No universo cultural como o português vingaram os tribunais constitucionais, noutro, como o dos EUA, os supremos tribunais são o modelo, explica Moura Ramos. Nesse sistema Jorge Miranda refere o Supremo Tribunal de Justiça que tem mesmo o poder de fazer alterações às leis.
O papel de guardião da constitucionalidade cresce à medida que se afirma o Estado de Direito moderno. E tem como função ser um contra-poder, um poder contra-maioritário, como refere Canotilho, que serve de contra-balanço à maioria eleita que Governo. Daí que os TC não sejam compostos “por juízes de carreira, embora no caso português haja regra de que seis são magistrados, para assegurar ligação à ordem jurídica”, salienta Moura Ramos que frisa: “Mas são todos os nomeados pelo poder político e dez eleitos por dois terços da Assembleia”.
Para o ex-presidente do TC, que este perfil “não implica a politização, implica a ideia de que para poder decretar que uma regra não é constitucional, é preciso legitimidade também política e não só técnica.” No caso francês, “os membros do Conselho Constitucional são designados pelo Presidente da República e pelo Presidente do Senado”, o que “não significa nenhuma vinculação política, nem os seus membros se assumem como representantes”.
Também Jorge Miranda considera que “os juízes são independentes” e que “a ideia da politização é falsa”. Explica, porém, que estes tribunais “são sempre órgãos políticos” e afirma que também “os Supremos Tribunais de Justiça não têm juízes quimicamente puros”, os juízes “têm as suas opiniões, têm as suas posições e convicções, embora não pertençam a partidos”. O Catedrático da Faculdade de Direito da Universidade de Lisboa frisa: “Num TC sabemos a origem política por quem propõe, é transparente.”

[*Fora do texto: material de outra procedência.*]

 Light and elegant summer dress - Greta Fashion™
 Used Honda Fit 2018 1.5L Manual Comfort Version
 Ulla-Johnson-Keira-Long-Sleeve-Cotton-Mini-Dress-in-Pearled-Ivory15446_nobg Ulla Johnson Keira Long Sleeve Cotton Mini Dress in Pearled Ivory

Entre os TC europeus e os Supremos do modelo anglo-saxónico, Miranda lembra duas diferenças. Em países como o Brasil e os EEUA os lugares nos Supremos são vitalícios. Outra diferença é a de que “nos EUA é o Presidente que escolhe” e “na Europa é o Parlamento e ou o Presidente”, como acontece em Portugal..
Contra Eanes
Sobre o TC português, Miranda explica que para a eleição dos juízes propostos pela Assembleia, “é preciso dois terços dos deputados” votarem a favor, depois de haver “ acordo, todos em bloco, sobre os nomes que são propostos pelos dois principais partidos”. Já os mandatos são longos, têm nove anos. Hoje salienta Miranda, há “sete doutores em Direito, nos 13 membros que compõem o TC, são académicos”.
A revisão constitucional de 1982 foi momento em que os partidos do centro em Portugal impuseram ao Presidente da República a retirada do peso político dos militares, então nasceu o actual TC abriu a porta ao TC. Acabou com o Conselho da Revolução e substituiu a Comissão Constitucional, que trabalhava no seu seio, substituindo-a pelo TC.Em 1980/81, “houve grande disputa e o PS e o PSD desistiram da ideia de o Presidente propor parte dos nomes, por causa do conflito com Ramalho Eanes – Estas negociações foram feitas por Marcelo Rebelo de Sousa e por Almeida Santos”, lembra Jorge Miranda.
Nessa altura, optaram “pelo modelo que é de 10 membros, sete nomeados pela Assembleia e três cooptados”, explica Miranda que confessa: “Eu recusei duas vezes a nomeação para o TC porque discordo de que o Presidente não proponha.”